Eloxx Pharmaceuticals: ELX-02 is a translation read-through inducing drug (TRID). Read-through therapy is a treatment strategy for genetic diseases caused by nonsense mutations to increase translation and restoring activity of the mutated proteins.
Esteve: ESTEVE and the Universitat Autònoma de Barcelona (UAB) created a promising platform of gene therapy projects with the addition of two new therapies for Sanfilippo B (EGT-201) and Hunter syndromes (EGT-301).
Immusoft: ISP™ therapy strikes a balance between the benefits of a HSCT, and risk profile of ERT. Despite the risks, HSCT has the ability to halt progression of the neurological deficit and prevent premature death due to heart or liver disease. An ISP™-based treatment for MPS I is less risky because it uses the patient’s own cells, doesn’t require myeloablative chemotherapy,and can be turned off once administered. Immusoft is currently filing regulatory documentation to support a Phase Ia/Ib clinical trial to treat MPS I with an ISP™ cell therapy product.
MeuSix: The MeuSIX consortium plans to conduct a multicenter phase 1/2 clinical trial to investigate the safety and efficacy of AAV-mediated gene therapy in patients with MPS VI. An orphan drug designation (ODD) has been obtained from both the European Medicinal Agency and the US Food and Drug Administration for the MPS VI therapeutic AAV vector.
Nationwide Children’s: Dr. Haiyan Fu’s team in the Center for Gene Therapy has developed a systemic gene delivery approach to restore the activity of the enzyme (α-N-acetylglucosaminidase) in the central nervous system and somatic system, showing functional benefits in treating MPS IIIB I mouse model.
Regenexbio: RGX-111 is a product candidate for the treatment of Mucopolysaccharidosis Type I (MPS I), which is designed to use the AAV9 vector to deliver the human α-l-iduronidase (IDUA) gene to the central nervous system (CNS).
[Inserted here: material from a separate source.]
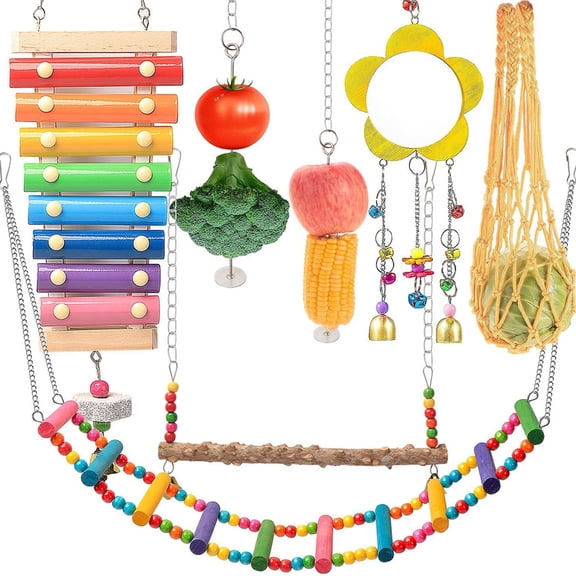 Qiyester 7PCS Chicken Chewing Training Toy Set with Wooden Hanging Feeder and Bell Toy Suitable for Farms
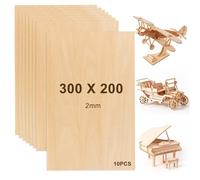 Plywood Sheets, 10Pcs Unfinished Wood Board 300 x 200 x 2mm Basswood Sheets DIY Craft Project Ply Board for Woodcraft Model Crafts Painting Stenciling Home Decor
The company plans to file IND for RGX-111 for the treatment of MPS I in mid-2017 and expect to begin enrollment in a Phase I/II clinical trial in the second half of 2017. RGX-111 has received orphan drug product and rare pediatric disease designation from the FDA.
Sangamo Therapeutics: SB-318 (MPS I) and SB-913 (MPS II) are designed to provide stable, continuous production of the enzymes IDUA (MPS I) or IDS (MPS II) for the lifetime of the patient. Sangamo’s approach is designed to enable the liver to permanently produce circulating therapeutic levels of a corrective enzyme product.
Shire: Planning a study to obtain blood samples from MPS II patients who completed Shire study HGT-ELA-038 and to confirm the suitability of such blood samples for validation of the CRIM assay. If the samples are suitable, the CRIM status will be correlated with various clinical parameters data collected in HGT-ELA-038.